Cloud has endured high and low points in its relatively short lifecycle. Earlier this decade, it faced misgivings if not outright opposition from many major enterprises that refused to believe a cloud platform could ever replace an on-premises infrastructure. This was followed by a period of euphoria, when companies couldn’t wait to move their data to the public cloud. The current environment is more balanced, with the majority of enterprises believing a hybrid approach is the way forward.
But with multiple vendors selling cloud-based products and services that cater to specific requirements, a challenge with hybrid cloud is that it falls to businesses and/or their managed service providers to create and deploy a cohesive cloud management system that spans the hybrid cloud environment and provides a bridge between the private and public cloud infrastructures.
Managing the Intersection of Private-Public Cloud
This is critical for the following reasons:
- Security and compliance
Unlike on-premise or private cloud, enterprise data in a hybrid cloud environment doesn’t necessarily reside in a single place. This makes a security and/or compliance breach a very real threat. To reduce risk, businesses need to know where their data physically resides and ensure the applications leveraging it are running in approved environments. With an effective cloud management system, this can be accomplished without reviewing each instance, and insights can be provided from across the multiple cloud landing zones.
- Cloud economics
Because vendor charges are usually inversely proportional to workload volume, costs can actually increase with a hybrid cloud approach, with workloads spread across multiple vendors and platforms. The best way to prevent this is to combine human supervision with cloud management tools that can analyze and track cloud spend and support data-driven, smart decisions.
- Management complexity
Reliance on multiple cloud vendors and different platforms and services inevitably makes management more complex. To take a very simple example, access management can become quite complex if there are multiple vendor deployments, each with its unique set of rules. By partnering with a managed service provider, businesses can create a custom hybrid cloud management platform that takes these variables into account.
- Shadow IT
While a hybrid cloud environment provides an unprecedented level of flexibility in terms of the vendor, service, product or platform used to resolve business problems, it can also lead to shadow IT, wherein different functions or processes rely upon entirely different tools, bypassing in-house IT entirely. Unchecked, this can result in cost, compliance and security concerns.
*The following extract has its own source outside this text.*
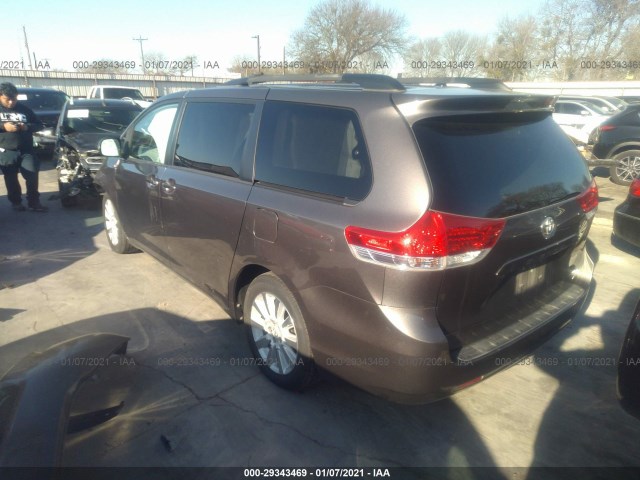 Photo 2 VIN: 5TDDK3DC5CS040092 - TOYOTA SIENNA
A competent managed service provider can address this issue by taking all the process heads on-board, and creating a management strategy that includes proactive monitoring to prevent security or compliance lapses.
Taking Hybrid Cloud Management to the Next Level
Using our Integrated Cloud Management Platform, we helped a leading pharmaceutical company develop a self-service portal that enables resource provisioning in an Amazon Web Services cloud for various business units, covering over 750 apps and 25,000 virtual machines. We worked with the company to automate its security compliance implementation and leverage bots to perform log scanning for each account.
Through holistic end-to-end automation, the company developed strong cloud operations capabilities and reduced time to market, relying on bots and open source-based solutions to drive its business.
An efficient cloud management and monitoring platform is a critical element for any business developing a hybrid cloud roadmap and seeking to realize the full benefits of cloud. With a future-ready, secured and integrated platform that orchestrates applications and workloads across multiple cloud landing zones, businesses can prepare themselves for what it takes to compete in the digital future.